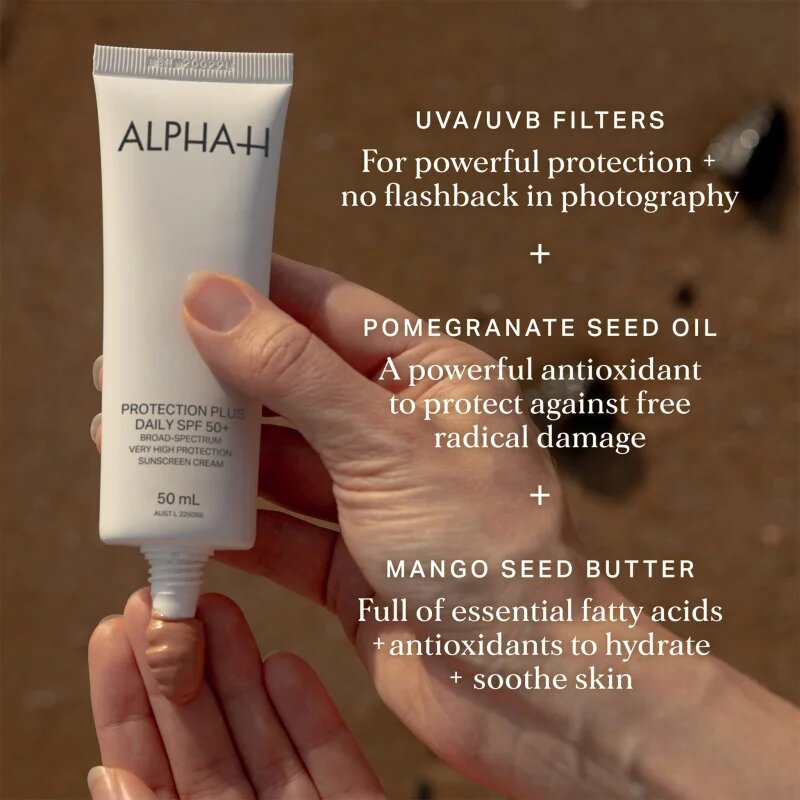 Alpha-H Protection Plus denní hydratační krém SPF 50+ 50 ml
---
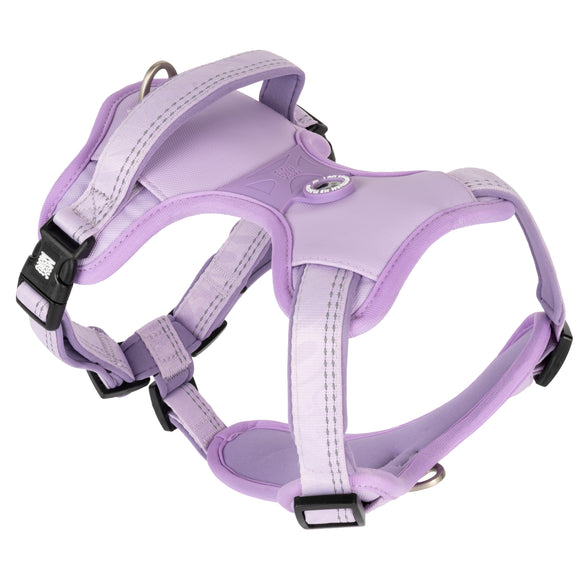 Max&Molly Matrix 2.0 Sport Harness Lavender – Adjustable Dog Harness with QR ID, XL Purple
...
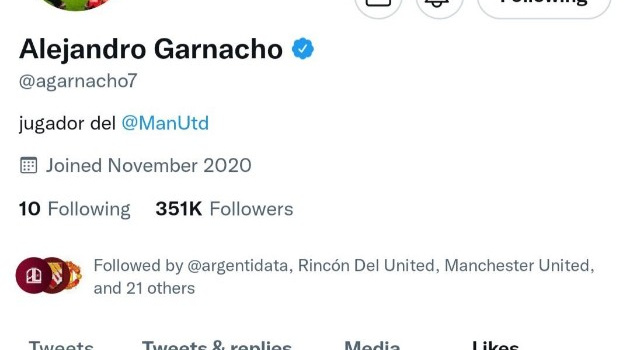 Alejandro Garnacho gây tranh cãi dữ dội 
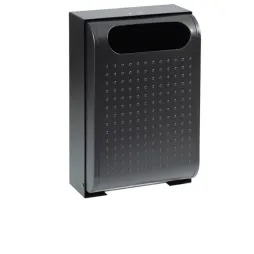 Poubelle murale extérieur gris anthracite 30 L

Task statement:
Return exactly the part of the listing above that opens with the line containing "Alejandro Garnacho gây tranh cãi dữ dội" and closes with the line containing "Poubelle murale extérieur". Pictures stay out.

Response:
 Alejandro Garnacho gây tranh cãi dữ dội 
 Poubelle murale extérieur gris anthracite 30 L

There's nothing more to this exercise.